In this evocative and personal short film, Don Hunstein takes us back to the streets of New York in 1963 with Bob Dylan and Suze Rotola, and shows us rare and unseen images from the Freewheelin’ sessions.
Set to the soundtrack of Dylan’s ‘Kingsport Town’, this is truly legendary stuff.
Always keen to meet and chat to the Rockarchive photographers, in 2007 Jill Furmanovsky spent an afternoon with Don Hunstein at his apartment on Upper West Side New York. Don was the staff photographer at Columbia Records for many years and has photographed countless artists and musicians throughout his illustrious career.

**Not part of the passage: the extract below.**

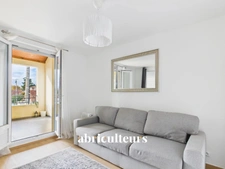 Spacieux - Appartement 4 Pièces - 90m² - Argenteuil Orgemont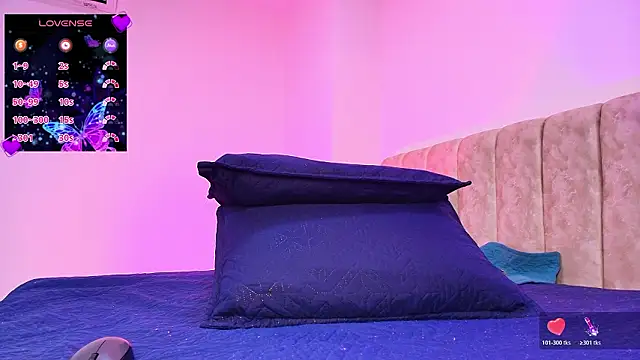 Snapshot of arl_chloee chatting on February 17, 2026, 3:04 am arl chloee online show from February 17, 2026, 3:04 am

He recounted stories of working with Miles Davis and Johnny Cash and talked about the day he photographed a young and up-and-coming Bob Dylan on the snowy streets of New York in ’63. “One roll of colour and a few quick black and whites”…resulted in one of Dylan’s most iconic album covers, The Freewheelin’. Fascinating stuff.
This conversation was recorded and filmed but, as so often happens with these kinds of things, the resulting material sat dormant, waiting for time in Jill’s busy schedule to craft it into a film.
Jill recorded conversations with several Rockarchive photographers over the years, and the vision was always to create a series of short films exploring the stories behind their iconic images.
In 2012 Yvonne McConaghy took on the role of producing these short films and together with editor Chris Ranson, produced this first in the series of documentaries for Rockarchive. P
Post production services were provided by one of London’s leading facility companies LipSync.
Set to the soundtrack of Dylan’s Kingsport Town, this film offers a fascinating vignette of a day when rock photographers had rolls of film and time to spend time with the artists without the barriers of PR and entourage.